I looked at your c/c++ example, and believe there is a big chance that your for loop was optimized by the compiler. In that case, it does not demo the real performance of realloc.
malloc() / realloc() already follows a pattern. The only question is whether the pattern that it follows is effective enough for appending a single byte at a time. The Perl source code shows that if the malloc() that comes with Perl is used, sv_grow() (the internal function ultimately used to the memory area used to hold the string) determines whether a realloc() is necessary by calling malloced_size(), meaning that realloc() is partially inlined into sv_grow().

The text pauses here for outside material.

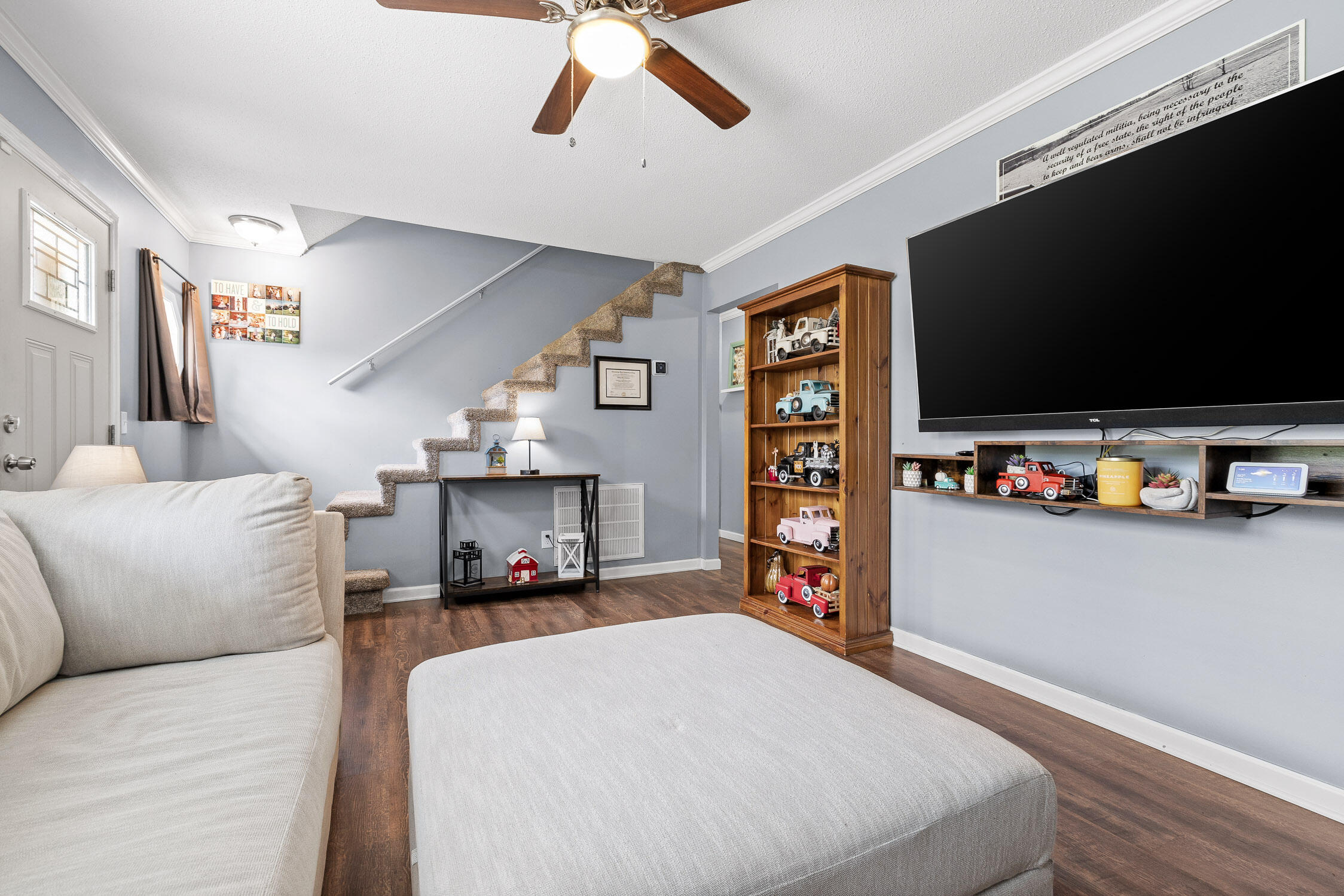 2113 Dallas Lake Road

The critical section of the assembly code generated for Linux is:
It looks as if the chance that the loop is optimized away is actually not so great. This should have been obvious by the fact that it took a whole 10 seconds to complete. Counting to 16Mbytes is not hard for a P3 800 Mhz box and I would expect this to have taken less than 1/10th of a second. Just for fun, I replaced the "assert(realloc(...))" with ";" and the time to complete was 0.03s. Yes, I checked the assembly code to ensure that the loop was not optimized away. This shows that the cost of a realloc() is approximately 300 times that of an increment/compare/branch.
In terms of overhead, it is not quite this bad, as increment/compare/branch does not achieve the operation we are trying to perform. Since even an inlined strategy to second guess malloc() and pre-alloc by larger increments would require more code than a increment/compare/branch, the 'overhead' of realloc() may not be that significant at all for a decent implementation of realloc().
Also, as I need to mention again, implementations of realloc() that use mremap() can reallocate large (4096+ bytes) memory areas without any need to copy the data itself. Pages are re-addressed.
This is definitely the kind of discussion I would like to be part of it.
People are talking with solid facts, insightful thoughts, strong supporting data ... And also talk with respect to each other, at the same time, with respect to facts found.
The other thing I would be interested in, is the performance difference between using linked list and (dynamically growing) array.
By using linked list, you would call malloc once for each element, but no realloc is called; by using array, you would call malloc once at the beginning, and then call realloc each time when it grows. I used the two approaches from time to time, but never seriously measured them.
Also you might mix the two approaches, by using a linked list of sub-arrays. the size of each array is fixed, and we grow the data structure by growing the linked list, attaching more sub-arrays to the linked list.
With a dynamically growing array, growing it by a fixed amount has a O(1) amortized cost, with unpredictable performance on any append (you may allocate). Accessing any element is O(1). Finding the size is O(1). Splicing a new element into the interior is O(n).
A linked list has a guaranteed O(1) cost to grow. Splicing is also O(1). Accessing an arbitrary element is O(n). Finding the size is O(n). Splicing a new element into the interior is O(1).
Whether the linked list or array has more overhead is implementation and dataset dependent.
As for your mixed approach, you can do that and some have. Check out http://www.and.org/vstr/overview.html for an example of a string library that does. (I have not looked closely at it.)